AVAILABLE DATA: Begin
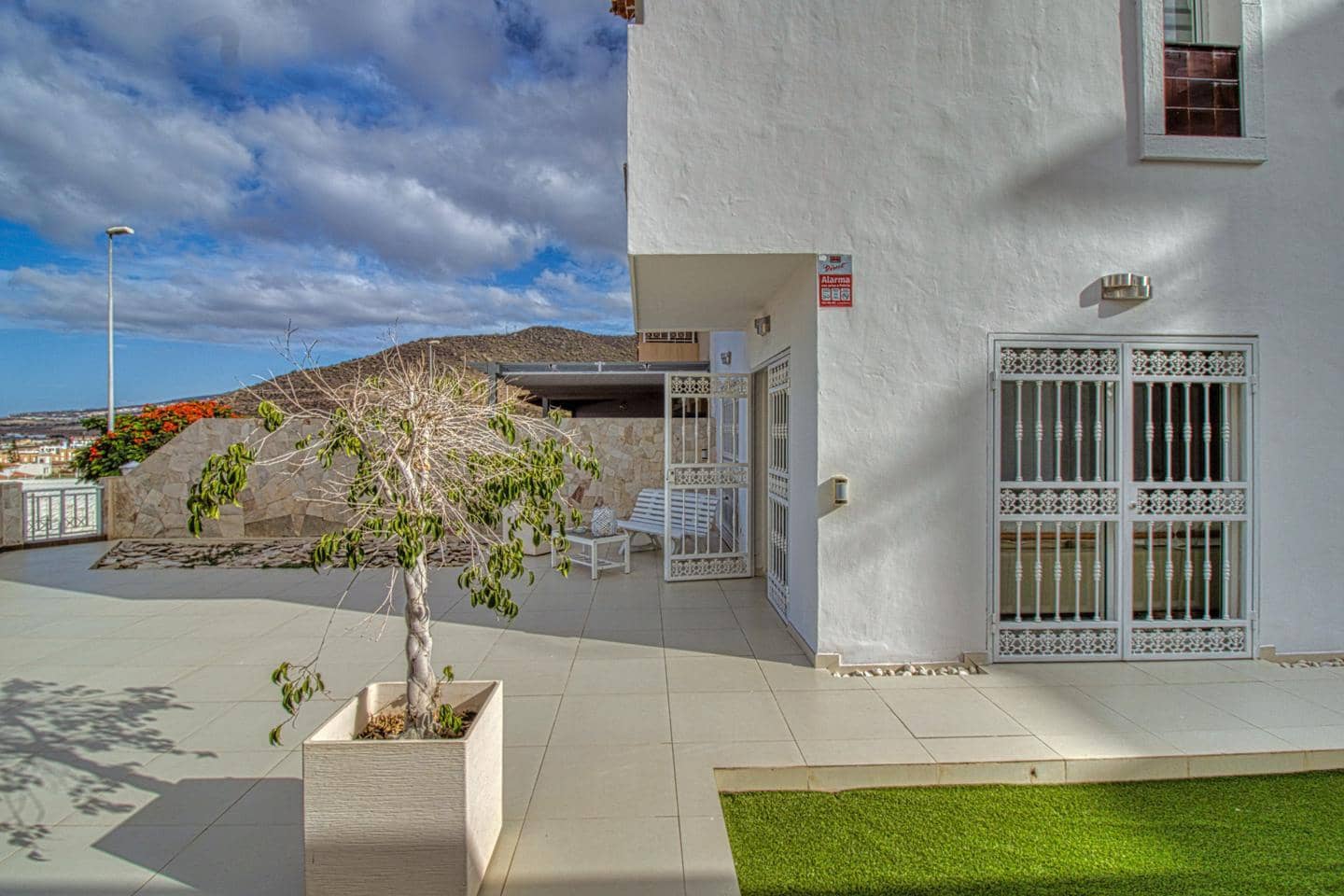 3 bedroom Villa for sale in Costa Adeje with garage - € 949,000 (Ref: 8652133)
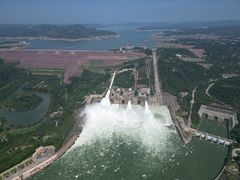 -黄河小浪底水利枢纽风景区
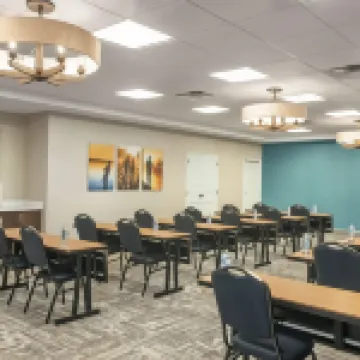 แฮมป์ตัน อินน์แอนด์สวีทส์ ไพน์บลัฟ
AVAILABLE DATA: End
## [EXERCISE BRIEF]
Output the material above verbatim but exclude each picture.

## [ANSWER BOX]
 3 bedroom Villa for sale in Costa Adeje with garage - € 949,000 (Ref: 8652133)
 -黄河小浪底水利枢纽风景区
 แฮมป์ตัน อินน์แอนด์สวีทส์ ไพน์บลัฟ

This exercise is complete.